Unless local and state governments act now, a tsunami of underfunded public pension plan obligations will soon rush ashore and drown taxpayers with tax hikes and crippling debt.
According to State Budget Solutions, a nonpartisan public policy organization focusing on local and state budget issues, states’ total unfunded public pension liabilities reached $4.7 trillion in 2014, an increase of more than 14 percent since 2013.
That puts each American citizen on the hook for an average of $14,156 in public pension debt, up from about $12,852 per person in 2013. If the problem is allowed to continue to fester unabated, taxpayers will ultimately be forced to make up the difference in the form of higher taxes.
For years, state pension boards have used overly optimistic investment return assumptions to “cook the books” and make the funds they manage appear financially sounder than they really are.
In California, the Public Employees’ Retirement System assumes it will consistently beat the market and receive a fabulous 7.25 percent return on its investments. In reality, CalPERS’ books showed a net loss of 0.5 percent at the end of fiscal year 2014.
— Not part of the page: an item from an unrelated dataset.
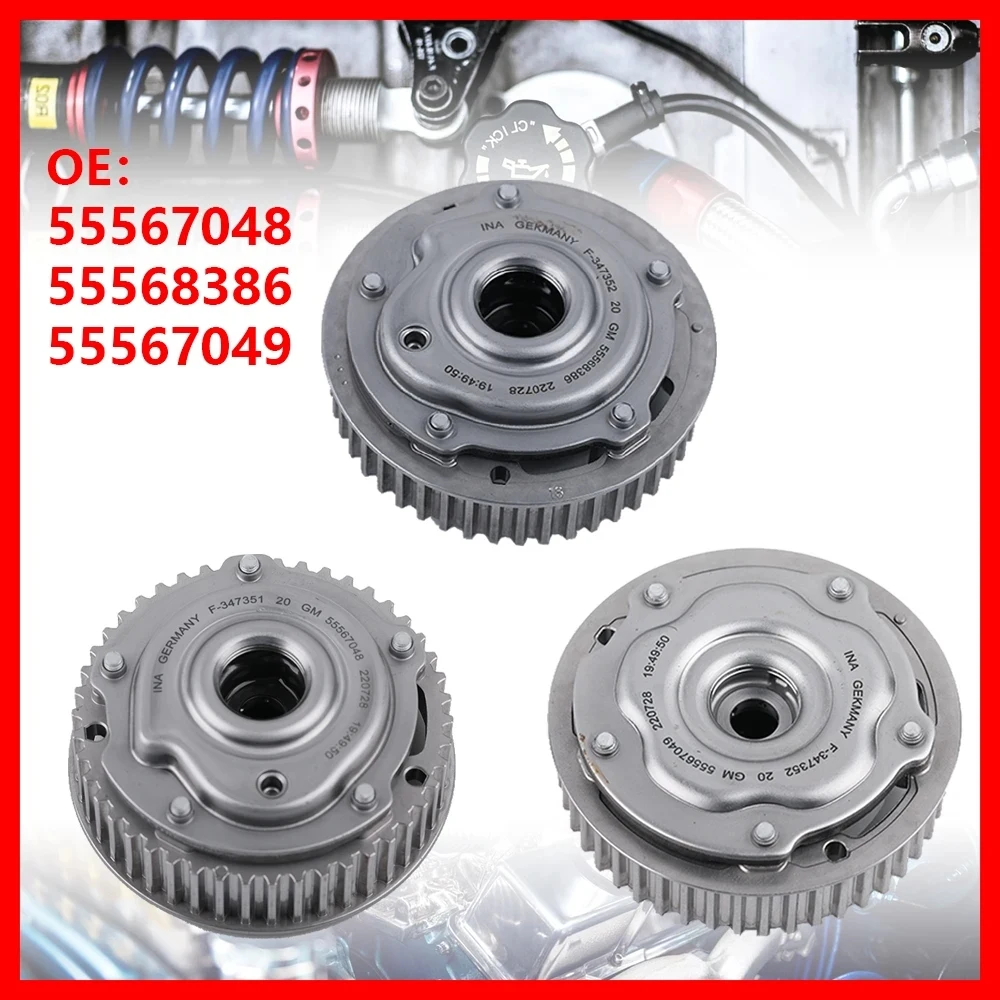 Original Intake Exhaust EngineTiming Camshaft Gear For Chevrolet Aveo Cruze Sonic Opel Vauxhall Astra 55567048 55568386 55567049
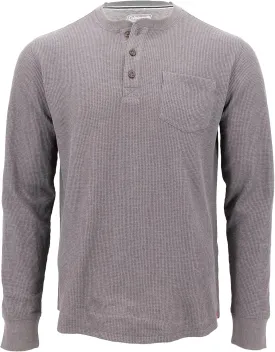 Coleman Long-Sleeve Waffle Thermal Henley Shirts for Men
Using a more realistic assumption of a 2.734 percent yield on returns, roughly the same yield received from investing in 15-year U.S. Treasury bonds, SBS says CalPERS can realistically expect to pay only about 39 percent of its total pension liabilities.
Vermont’s pension liabilities exceed its ability to pay by more than $7 billion, or about $11,375 per Vermonter. The Vermont State Employees’ Retirement System (VSERS) assumes its investments will earn 6.25 percent per year. In reality, VSERS fell far short of its expectations, realizing just 3.7 percent growth between June 30, 2013 and June 30, 2014.
According to SBS’ calculations, Vermont’s public pension plans can only pay out $1 for every $3 promised to state employees.
The problem of looming public pension liabilities is not limited to California and Vermont. States such as Alaska, Connecticut, and Kentucky are in even worse shape. For example, Connecticut’s public pension funds can only pay out 23 cents for every dollar of entitlements promised to government workers.
Ignoring the approaching public pension tsunami means taxpayers will get swallowed up in an ocean of red ink.
Unlike a real tsunami, this wave of underfunded public pensions can be stopped. By shifting from defined-benefit programs to 401(k)-like defined-contribution plans, and applying common sense, honesty, and transparency when preparing investment plans, state pension boards can make a plausible effort to safeguard government workers’ money and taxpayers against potential economic shocks in the future.